The records ::
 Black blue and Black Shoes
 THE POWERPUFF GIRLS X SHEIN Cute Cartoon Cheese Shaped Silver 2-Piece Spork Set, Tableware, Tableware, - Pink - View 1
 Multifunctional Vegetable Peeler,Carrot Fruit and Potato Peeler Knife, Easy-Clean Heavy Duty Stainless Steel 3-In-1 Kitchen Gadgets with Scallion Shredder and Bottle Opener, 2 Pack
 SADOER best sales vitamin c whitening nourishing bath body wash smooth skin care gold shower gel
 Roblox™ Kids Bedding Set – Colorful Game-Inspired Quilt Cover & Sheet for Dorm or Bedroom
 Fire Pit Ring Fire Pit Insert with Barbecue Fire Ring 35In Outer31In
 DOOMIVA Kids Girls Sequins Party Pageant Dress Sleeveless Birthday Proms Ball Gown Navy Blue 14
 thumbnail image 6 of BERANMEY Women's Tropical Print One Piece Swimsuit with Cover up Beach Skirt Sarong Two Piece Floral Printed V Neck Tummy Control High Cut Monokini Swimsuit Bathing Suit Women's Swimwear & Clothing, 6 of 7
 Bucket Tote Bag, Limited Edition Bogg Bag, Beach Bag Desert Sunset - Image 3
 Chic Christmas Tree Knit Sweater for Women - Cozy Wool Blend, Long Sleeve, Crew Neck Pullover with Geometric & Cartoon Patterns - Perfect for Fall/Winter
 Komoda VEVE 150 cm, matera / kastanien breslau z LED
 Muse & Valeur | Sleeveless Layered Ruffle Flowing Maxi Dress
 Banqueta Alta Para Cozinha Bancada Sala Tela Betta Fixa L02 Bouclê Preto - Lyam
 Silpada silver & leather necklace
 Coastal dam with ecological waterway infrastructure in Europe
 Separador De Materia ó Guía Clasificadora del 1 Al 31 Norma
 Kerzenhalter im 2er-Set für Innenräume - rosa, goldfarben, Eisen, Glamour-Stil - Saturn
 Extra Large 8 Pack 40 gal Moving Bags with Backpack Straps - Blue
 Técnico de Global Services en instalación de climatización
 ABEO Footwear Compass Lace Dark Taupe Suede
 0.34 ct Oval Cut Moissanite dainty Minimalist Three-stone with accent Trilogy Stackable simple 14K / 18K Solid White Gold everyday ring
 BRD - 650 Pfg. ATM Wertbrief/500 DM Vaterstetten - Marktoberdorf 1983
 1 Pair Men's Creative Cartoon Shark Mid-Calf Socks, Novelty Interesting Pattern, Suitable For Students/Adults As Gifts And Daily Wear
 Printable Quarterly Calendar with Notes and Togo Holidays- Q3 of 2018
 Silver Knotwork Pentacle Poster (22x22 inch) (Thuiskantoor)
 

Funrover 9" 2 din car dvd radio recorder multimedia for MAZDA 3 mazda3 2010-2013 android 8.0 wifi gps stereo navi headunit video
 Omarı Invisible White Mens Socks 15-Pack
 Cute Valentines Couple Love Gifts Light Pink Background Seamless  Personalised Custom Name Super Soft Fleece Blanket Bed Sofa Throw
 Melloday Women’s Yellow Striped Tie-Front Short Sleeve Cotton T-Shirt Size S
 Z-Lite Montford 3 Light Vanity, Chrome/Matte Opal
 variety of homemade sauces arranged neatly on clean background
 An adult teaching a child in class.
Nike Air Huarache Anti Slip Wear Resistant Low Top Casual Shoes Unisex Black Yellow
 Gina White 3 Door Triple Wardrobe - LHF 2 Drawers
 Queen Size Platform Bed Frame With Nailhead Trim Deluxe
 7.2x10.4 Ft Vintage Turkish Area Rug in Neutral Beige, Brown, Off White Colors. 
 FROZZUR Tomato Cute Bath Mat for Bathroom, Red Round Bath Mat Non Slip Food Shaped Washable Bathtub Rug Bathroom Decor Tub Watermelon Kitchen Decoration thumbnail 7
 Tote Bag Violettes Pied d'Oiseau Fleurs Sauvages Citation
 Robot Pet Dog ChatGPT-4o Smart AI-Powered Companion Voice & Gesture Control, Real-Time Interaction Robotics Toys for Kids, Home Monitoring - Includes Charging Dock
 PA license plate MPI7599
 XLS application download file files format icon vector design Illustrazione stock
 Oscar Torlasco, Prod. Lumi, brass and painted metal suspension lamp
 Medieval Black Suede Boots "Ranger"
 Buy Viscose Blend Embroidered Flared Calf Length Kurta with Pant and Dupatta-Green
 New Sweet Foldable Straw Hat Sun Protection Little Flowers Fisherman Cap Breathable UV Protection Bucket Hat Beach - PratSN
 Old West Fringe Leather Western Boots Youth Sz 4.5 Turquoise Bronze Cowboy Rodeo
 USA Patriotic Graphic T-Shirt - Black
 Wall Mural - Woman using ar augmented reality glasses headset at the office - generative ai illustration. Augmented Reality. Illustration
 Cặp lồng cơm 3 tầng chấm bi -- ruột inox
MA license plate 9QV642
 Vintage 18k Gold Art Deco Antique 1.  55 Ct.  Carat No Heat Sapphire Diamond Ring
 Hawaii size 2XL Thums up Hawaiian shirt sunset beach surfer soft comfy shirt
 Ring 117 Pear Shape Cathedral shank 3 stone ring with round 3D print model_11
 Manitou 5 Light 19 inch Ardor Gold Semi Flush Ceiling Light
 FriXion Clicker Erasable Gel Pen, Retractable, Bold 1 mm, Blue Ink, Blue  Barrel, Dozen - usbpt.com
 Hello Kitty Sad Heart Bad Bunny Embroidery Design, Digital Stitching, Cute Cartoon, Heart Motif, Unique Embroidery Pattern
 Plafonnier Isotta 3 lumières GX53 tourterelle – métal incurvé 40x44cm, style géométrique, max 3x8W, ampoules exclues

What is being asked ::
Output each line of the data exactly as it stands above.

Reply ::
 Black blue and Black Shoes
 THE POWERPUFF GIRLS X SHEIN Cute Cartoon Cheese Shaped Silver 2-Piece Spork Set, Tableware, Tableware, - Pink - View 1
 Multifunctional Vegetable Peeler,Carrot Fruit and Potato Peeler Knife, Easy-Clean Heavy Duty Stainless Steel 3-In-1 Kitchen Gadgets with Scallion Shredder and Bottle Opener, 2 Pack
 SADOER best sales vitamin c whitening nourishing bath body wash smooth skin care gold shower gel
 Roblox™ Kids Bedding Set – Colorful Game-Inspired Quilt Cover & Sheet for Dorm or Bedroom
 Fire Pit Ring Fire Pit Insert with Barbecue Fire Ring 35In Outer31In
 DOOMIVA Kids Girls Sequins Party Pageant Dress Sleeveless Birthday Proms Ball Gown Navy Blue 14
 thumbnail image 6 of BERANMEY Women's Tropical Print One Piece Swimsuit with Cover up Beach Skirt Sarong Two Piece Floral Printed V Neck Tummy Control High Cut Monokini Swimsuit Bathing Suit Women's Swimwear & Clothing, 6 of 7
 Bucket Tote Bag, Limited Edition Bogg Bag, Beach Bag Desert Sunset - Image 3
 Chic Christmas Tree Knit Sweater for Women - Cozy Wool Blend, Long Sleeve, Crew Neck Pullover with Geometric & Cartoon Patterns - Perfect for Fall/Winter
 Komoda VEVE 150 cm, matera / kastanien breslau z LED
 Muse & Valeur | Sleeveless Layered Ruffle Flowing Maxi Dress
 Banqueta Alta Para Cozinha Bancada Sala Tela Betta Fixa L02 Bouclê Preto - Lyam
 Silpada silver & leather necklace
 Coastal dam with ecological waterway infrastructure in Europe
 Separador De Materia ó Guía Clasificadora del 1 Al 31 Norma
 Kerzenhalter im 2er-Set für Innenräume - rosa, goldfarben, Eisen, Glamour-Stil - Saturn
 Extra Large 8 Pack 40 gal Moving Bags with Backpack Straps - Blue
 Técnico de Global Services en instalación de climatización
 ABEO Footwear Compass Lace Dark Taupe Suede
 0.34 ct Oval Cut Moissanite dainty Minimalist Three-stone with accent Trilogy Stackable simple 14K / 18K Solid White Gold everyday ring
 BRD - 650 Pfg. ATM Wertbrief/500 DM Vaterstetten - Marktoberdorf 1983
 1 Pair Men's Creative Cartoon Shark Mid-Calf Socks, Novelty Interesting Pattern, Suitable For Students/Adults As Gifts And Daily Wear
 Printable Quarterly Calendar with Notes and Togo Holidays- Q3 of 2018
 Silver Knotwork Pentacle Poster (22x22 inch) (Thuiskantoor)
 

Funrover 9" 2 din car dvd radio recorder multimedia for MAZDA 3 mazda3 2010-2013 android 8.0 wifi gps stereo navi headunit video
 Omarı Invisible White Mens Socks 15-Pack
 Cute Valentines Couple Love Gifts Light Pink Background Seamless  Personalised Custom Name Super Soft Fleece Blanket Bed Sofa Throw
 Melloday Women’s Yellow Striped Tie-Front Short Sleeve Cotton T-Shirt Size S
 Z-Lite Montford 3 Light Vanity, Chrome/Matte Opal
 variety of homemade sauces arranged neatly on clean background
 An adult teaching a child in class.
Nike Air Huarache Anti Slip Wear Resistant Low Top Casual Shoes Unisex Black Yellow
 Gina White 3 Door Triple Wardrobe - LHF 2 Drawers
 Queen Size Platform Bed Frame With Nailhead Trim Deluxe
 7.2x10.4 Ft Vintage Turkish Area Rug in Neutral Beige, Brown, Off White Colors. 
 FROZZUR Tomato Cute Bath Mat for Bathroom, Red Round Bath Mat Non Slip Food Shaped Washable Bathtub Rug Bathroom Decor Tub Watermelon Kitchen Decoration thumbnail 7
 Tote Bag Violettes Pied d'Oiseau Fleurs Sauvages Citation
 Robot Pet Dog ChatGPT-4o Smart AI-Powered Companion Voice & Gesture Control, Real-Time Interaction Robotics Toys for Kids, Home Monitoring - Includes Charging Dock
 PA license plate MPI7599
 XLS application download file files format icon vector design Illustrazione stock
 Oscar Torlasco, Prod. Lumi, brass and painted metal suspension lamp
 Medieval Black Suede Boots "Ranger"
 Buy Viscose Blend Embroidered Flared Calf Length Kurta with Pant and Dupatta-Green
 New Sweet Foldable Straw Hat Sun Protection Little Flowers Fisherman Cap Breathable UV Protection Bucket Hat Beach - PratSN
 Old West Fringe Leather Western Boots Youth Sz 4.5 Turquoise Bronze Cowboy Rodeo
 USA Patriotic Graphic T-Shirt - Black
 Wall Mural - Woman using ar augmented reality glasses headset at the office - generative ai illustration. Augmented Reality. Illustration
 Cặp lồng cơm 3 tầng chấm bi -- ruột inox
MA license plate 9QV642
 Vintage 18k Gold Art Deco Antique 1.  55 Ct.  Carat No Heat Sapphire Diamond Ring
 Hawaii size 2XL Thums up Hawaiian shirt sunset beach surfer soft comfy shirt
 Ring 117 Pear Shape Cathedral shank 3 stone ring with round 3D print model_11
 Manitou 5 Light 19 inch Ardor Gold Semi Flush Ceiling Light
 FriXion Clicker Erasable Gel Pen, Retractable, Bold 1 mm, Blue Ink, Blue  Barrel, Dozen - usbpt.com
 Hello Kitty Sad Heart Bad Bunny Embroidery Design, Digital Stitching, Cute Cartoon, Heart Motif, Unique Embroidery Pattern
 Plafonnier Isotta 3 lumières GX53 tourterelle – métal incurvé 40x44cm, style géométrique, max 3x8W, ampoules exclues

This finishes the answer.